2. Understand the data (Distribution, Variability, Outliers)

Summary Statistics

penguins %>% 
  group_by(species) %>% 
  get_summary_stats(flipper_length_mm)

What are your observations given the descriptive statistics?

Data Visualization

# Boxplot
penguins %>% 
  ggplot() + 
  aes(x = species, y = flipper_length_mm) + 
  geom_boxplot() +
  geom_jitter(alpha = 0.2, width = .1)

# Continuous Density Plot
penguins %>% ggplot() + 
  aes(x = flipper_length_mm, fill = species) + 
  geom_density() + 
  facet_grid(species ~ .)

What are your observations (distribution, variability) given these data visualizations?

Outliers

penguins %>% 
  group_by(species) %>% 
  rstatix::identify_outliers(flipper_length_mm) # Produces a table of outliers and extreme cases.

Are there any outliers in these data?

3. Check Assumptions

Normality of Residuals or DV by group

a. Analyzing the ANOVA model residuals. This approach is generally easier to do and helpful if there are many groups. This is the approach we will take.

# Assumption testing- Normality of Residuals- QQ Plot
model <- lm(flipper_length_mm ~ species, data = penguins)
ggqqplot(residuals(model)) # Graphically depicts the correlation of these data and a normal distribution.

# Shapiro-Wilkes Test
shapiro_test(residuals(model)) # Statistically determines normality of these data.

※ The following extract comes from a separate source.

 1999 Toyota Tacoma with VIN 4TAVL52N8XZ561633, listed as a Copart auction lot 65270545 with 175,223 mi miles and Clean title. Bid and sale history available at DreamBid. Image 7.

b. Checking Normality for each group separately. This might be helpful if you have only a few groups.

# Assumption testing- Normality DV by groups

ggqqplot(penguins, "flipper_length_mm", facet.by = "species") # Graphically depicts the correlation of these data and a normal distribution.

# Shapiro-Wilkes Test
penguins %>%
  group_by(species) %>%
  shapiro_test(flipper_length_mm) # Statistically determines normality of these data.

Note: may be overly sensitive if data is more than 50. In that case, the qq plot is preferred.

Are these data normally distributed?

If the data are not normally distributed, a Kruskal-Wallis test is a non-parametric alternative to the One-Way ANOVA.

Homogeneity (Equality) of Variance

# Residuals vs Fitted Plot
plot(model, 1) # Graphically compares the residuals to fitted values (mean of each group)

# Assumption testing- Homogeneity of Variance
penguins %>% levene_test(flipper_length_mm ~ species) # Statistically shows homogeneity of variance.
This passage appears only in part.